Pseudogenes have long been considered to be 'dead' nonfunctional byproducts of genome evolution . They were defined as genomic sequences that are similar to a functional gene but contain genetic defects that preclude the generation of functional products [30–32]. Recent findings have prompted to revise the definition of pseudogenes, which are now defined as genomic sequences that arise from functional genes but cannot encode the same type of functional products (i.e. protein, tRNA or rRNA) as the original genes . Human genome is estimated to contain ~20,000 pseudogenes , it will be important to know how many and which pseudogenes are functional. Recently emphasis has been placed on polymorphisms such as CNV that has been documented to play a role in disease pathogenesis [34–39]. It has not been reported that a CNV of a pseudogene is biologically relevant. Historically, the NCF1 pseudogenes are considered "pseudo" because of their 2-bp GT deletion in exon 2, which is predicted to cause a frameshift and an early stop codon in protein synthesis. In our analysis of GT-containing transcript, the pseudogenes were far less active. However, our data revealed for the first time that a portion of NCF1 pseudogene transcripts do not utilize their defective exon-2, instead, they may use alternative exons to skip over their mutant exon-2 (Figure 6). When we measured transcript exclusive to exon-2, the NCF1 pseudogenes had varying transcriptional capacities that responded robustly to PMA induced macrophage differentiation (Figure 7) and showed distinct expression patterns in different human tissues (Figure 8). These observations prompted us to wonder if these NCF1 pseudogenes are "functional" or "unsuccessful duplicates". Recent studies have showed that ~95% of multi-exon genes undergo tissue-specific alternative splicing [40–42]; on the other hand, genes can also function by making regulatory non-coding RNAs in addition to making proteins . These results certainly challenge the current perception of the NCF1 pseudogenes.

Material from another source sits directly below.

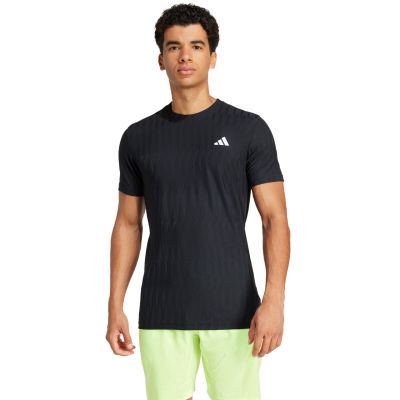 7. Koszulka męska adidas Tennis Climacool+ AirChill FreeLift Tee czarna JF8459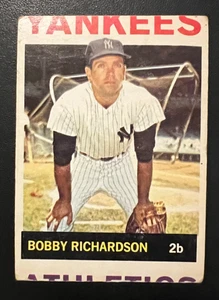 1964 Topps Baseball #190 Bobby Richardson New York Yankees sehr guter Zustand falsch geschnitten - Bild 1 von 2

We observed differential expression of NCF1 and its pseudogenes and a varying contribution of the genes to the total transcript pool (Figure 5, 7, and 8). It may be caused by differential alternative splicing patterns, different promoter activities, and/or differential mRNA degradation. As indicated by sequence alignment with ClustalW2, the 5' untranslated regions of the NCF1 pseudogenes are nearly identical to the equivalent region of NCF1 (Additional file 7). Collectively, putative binding sites of 45 transcription factors (TFBS) were predicted with rVISTA (Additional file 7). The number and exact locations of these TFBS are also nearly identical among these three genes (Additional file 7), except that the NCF1 gene contains 19 AML1 TFBS and 4 CREB TFBS instead of the 18 AML1 sites and 3 CREB sites in both pseudogenes. Our data suggest that a portion of pseudogene transcripts did not adopt the GT-containing exon-2, which may explain our observation that NCF1 pseudogenes displayed fewer GT-containing transcripts relative to the true NCF1 gene. However, we are unclear if differential promoter activities and mRNA degradation contribute to this observation.

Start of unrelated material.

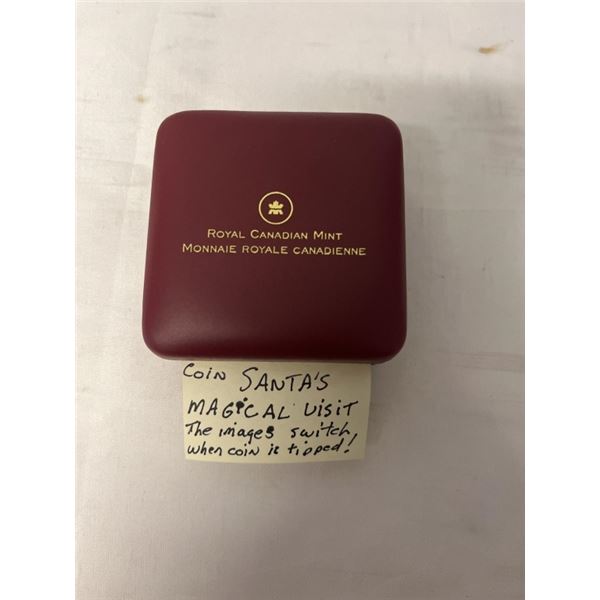 2012 50 CENT COIN SANTAS MAGICAL VISIT - HOLOGRAPHIC DETAIL ON COIN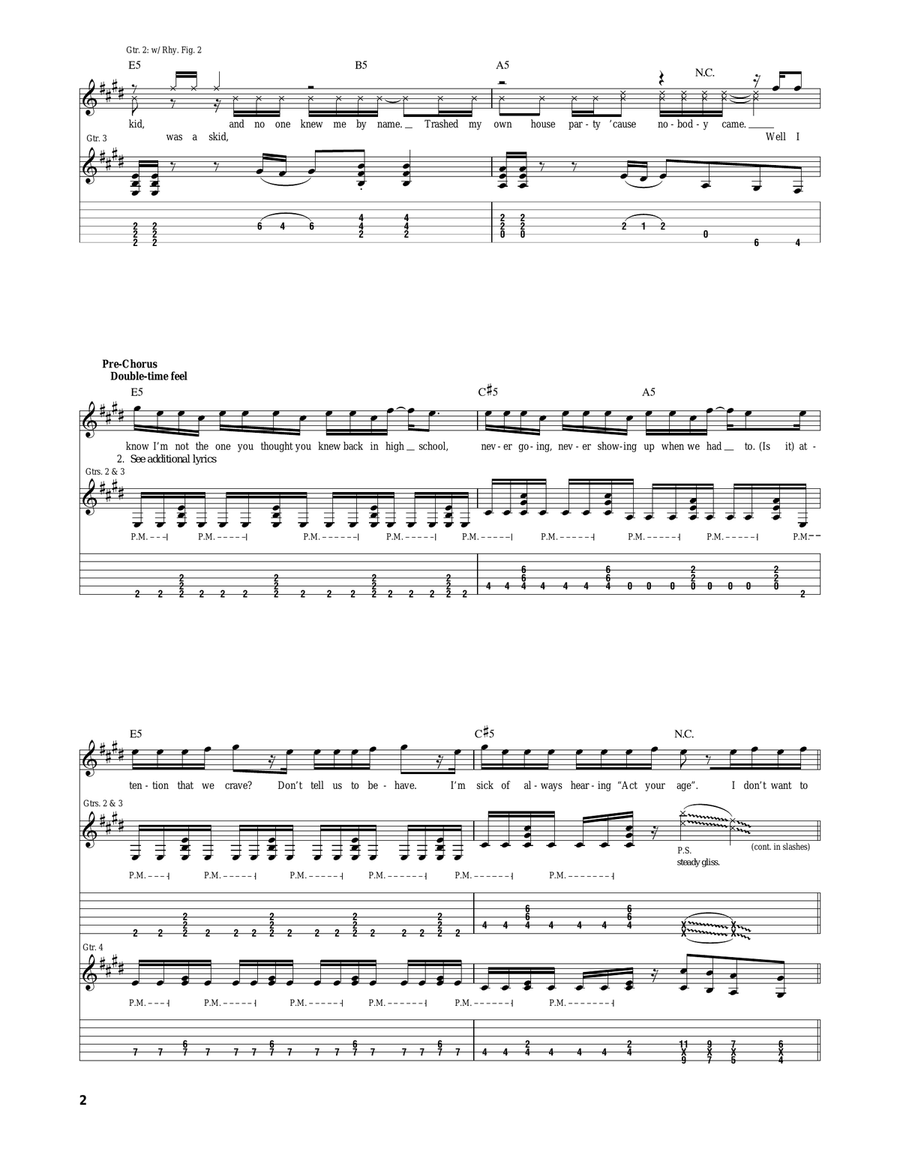 Fat Lip Fat Lip Acoustic Guitar scores gallery preview page 2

The CGD patients have shown that NCF1 is essential in the function of the neutrophil in the first line of host defense against many pathogenic bacteria and fungi. About 93% of humans patients caused by NCF1 mutations are homozygous for the 2-bp GT deletion [12, 13]. Obviously the NCF1 pseudogenes, are not simply replacement duplicates, otherwise they may have compensated for the loss of NCF1 gene copies in the CGD patients. Two recent studies have reported that less copies of NCF1 pseudogenes may produce more reactive oxygen intermediates  and may exaggerate certain diseases involving inflammatory process such as inflammatory bowel disease . Therefore, these two NCF1 pseudogenes may produce protein isoforms or small RNAs that act as inhibitors of the normal NCF1 function. Superoxide is a double-edged sword, it is essential for phagocytes to exert their bactericidal function, but in excess it is also toxic to our own cells. Cells in other tissues would benefit from the existence of these two pseudogenes if they could recognize different stimuli and then reduce the NCF1/NADPH oxidase activity and superoxide production accordingly. For example, they may help to reduce the inflammatory process during atherosclerosis.

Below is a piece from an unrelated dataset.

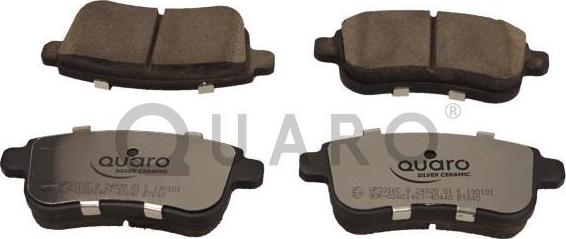 QUARO QP3316C - Set placute frana,frana disc www.parts5.com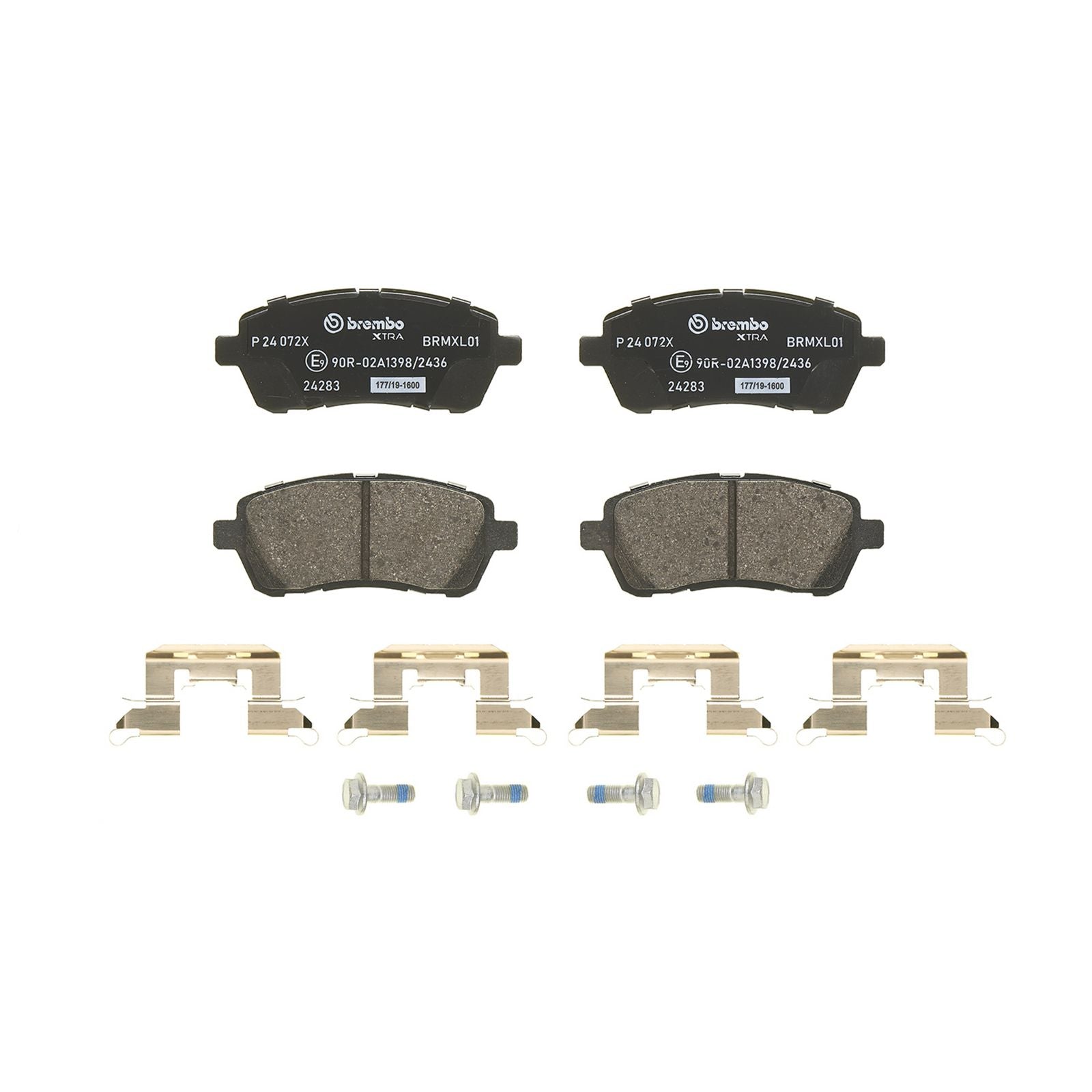 XTRA Low-Met Front Disc Brake Pad Set - P24072X_02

Taken together this study reported the existence of an NCF1 pseudogene CNV in three normal populations. These NCF1 pseudogenes are actively transcribed in human tissues. They can produce transcripts using alternative exon-2 instead of their defective exon-2. These results prompt us to re-consider their non-functional status in pseudogenes classification . The functional contribution of the NCF1 pseudogenes to NCF1 function and the pathological relevance of this copy number variation will merit further investigations.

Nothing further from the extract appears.